[Source records]
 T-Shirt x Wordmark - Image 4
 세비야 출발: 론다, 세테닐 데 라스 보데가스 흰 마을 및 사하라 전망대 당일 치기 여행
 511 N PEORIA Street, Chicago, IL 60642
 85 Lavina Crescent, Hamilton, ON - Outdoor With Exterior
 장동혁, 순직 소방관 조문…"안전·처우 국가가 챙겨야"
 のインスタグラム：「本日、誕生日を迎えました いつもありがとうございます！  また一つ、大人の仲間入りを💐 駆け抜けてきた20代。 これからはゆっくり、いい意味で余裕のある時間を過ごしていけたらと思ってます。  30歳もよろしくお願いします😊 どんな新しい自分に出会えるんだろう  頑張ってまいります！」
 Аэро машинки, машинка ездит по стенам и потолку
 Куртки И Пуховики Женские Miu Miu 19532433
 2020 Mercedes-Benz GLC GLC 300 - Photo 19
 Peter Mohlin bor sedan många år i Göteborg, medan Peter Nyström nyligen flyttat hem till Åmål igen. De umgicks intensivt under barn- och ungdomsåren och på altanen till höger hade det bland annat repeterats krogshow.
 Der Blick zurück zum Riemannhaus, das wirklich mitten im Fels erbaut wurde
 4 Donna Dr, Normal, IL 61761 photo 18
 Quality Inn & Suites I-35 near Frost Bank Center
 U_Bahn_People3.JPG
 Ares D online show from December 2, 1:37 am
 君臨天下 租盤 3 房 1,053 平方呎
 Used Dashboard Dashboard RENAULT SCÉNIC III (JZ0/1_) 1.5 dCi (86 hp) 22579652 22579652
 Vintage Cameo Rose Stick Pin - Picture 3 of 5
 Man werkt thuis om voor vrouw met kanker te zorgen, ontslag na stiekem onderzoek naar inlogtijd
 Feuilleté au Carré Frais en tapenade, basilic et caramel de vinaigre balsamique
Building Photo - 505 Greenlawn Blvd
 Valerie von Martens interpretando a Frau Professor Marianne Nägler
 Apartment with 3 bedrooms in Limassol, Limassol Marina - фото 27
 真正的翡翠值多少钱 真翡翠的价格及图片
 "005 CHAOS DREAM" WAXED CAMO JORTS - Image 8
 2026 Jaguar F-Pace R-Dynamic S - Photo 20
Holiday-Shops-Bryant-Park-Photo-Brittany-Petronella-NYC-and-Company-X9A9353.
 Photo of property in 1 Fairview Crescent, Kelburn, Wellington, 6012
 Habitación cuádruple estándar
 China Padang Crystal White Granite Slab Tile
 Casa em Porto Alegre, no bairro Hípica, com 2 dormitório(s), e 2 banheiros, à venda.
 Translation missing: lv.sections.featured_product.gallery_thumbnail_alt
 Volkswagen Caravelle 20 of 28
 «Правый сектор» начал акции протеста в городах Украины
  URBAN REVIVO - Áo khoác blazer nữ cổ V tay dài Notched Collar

Action item:
An exact copy of the line containing "85 Lavina Crescent, Hamilton, ON" and all lines after it, through the last line of the entries, is the required answer.

Exercise answer:
 85 Lavina Crescent, Hamilton, ON - Outdoor With Exterior
 장동혁, 순직 소방관 조문…"안전·처우 국가가 챙겨야"
 のインスタグラム：「本日、誕生日を迎えました いつもありがとうございます！  また一つ、大人の仲間入りを💐 駆け抜けてきた20代。 これからはゆっくり、いい意味で余裕のある時間を過ごしていけたらと思ってます。  30歳もよろしくお願いします😊 どんな新しい自分に出会えるんだろう  頑張ってまいります！」
 Аэро машинки, машинка ездит по стенам и потолку
 Куртки И Пуховики Женские Miu Miu 19532433
 2020 Mercedes-Benz GLC GLC 300 - Photo 19
 Peter Mohlin bor sedan många år i Göteborg, medan Peter Nyström nyligen flyttat hem till Åmål igen. De umgicks intensivt under barn- och ungdomsåren och på altanen till höger hade det bland annat repeterats krogshow.
 Der Blick zurück zum Riemannhaus, das wirklich mitten im Fels erbaut wurde
 4 Donna Dr, Normal, IL 61761 photo 18
 Quality Inn & Suites I-35 near Frost Bank Center
 U_Bahn_People3.JPG
 Ares D online show from December 2, 1:37 am
 君臨天下 租盤 3 房 1,053 平方呎
 Used Dashboard Dashboard RENAULT SCÉNIC III (JZ0/1_) 1.5 dCi (86 hp) 22579652 22579652
 Vintage Cameo Rose Stick Pin - Picture 3 of 5
 Man werkt thuis om voor vrouw met kanker te zorgen, ontslag na stiekem onderzoek naar inlogtijd
 Feuilleté au Carré Frais en tapenade, basilic et caramel de vinaigre balsamique
Building Photo - 505 Greenlawn Blvd
 Valerie von Martens interpretando a Frau Professor Marianne Nägler
 Apartment with 3 bedrooms in Limassol, Limassol Marina - фото 27
 真正的翡翠值多少钱 真翡翠的价格及图片
 "005 CHAOS DREAM" WAXED CAMO JORTS - Image 8
 2026 Jaguar F-Pace R-Dynamic S - Photo 20
Holiday-Shops-Bryant-Park-Photo-Brittany-Petronella-NYC-and-Company-X9A9353.
 Photo of property in 1 Fairview Crescent, Kelburn, Wellington, 6012
 Habitación cuádruple estándar
 China Padang Crystal White Granite Slab Tile
 Casa em Porto Alegre, no bairro Hípica, com 2 dormitório(s), e 2 banheiros, à venda.
 Translation missing: lv.sections.featured_product.gallery_thumbnail_alt
 Volkswagen Caravelle 20 of 28
 «Правый сектор» начал акции протеста в городах Украины
  URBAN REVIVO - Áo khoác blazer nữ cổ V tay dài Notched Collar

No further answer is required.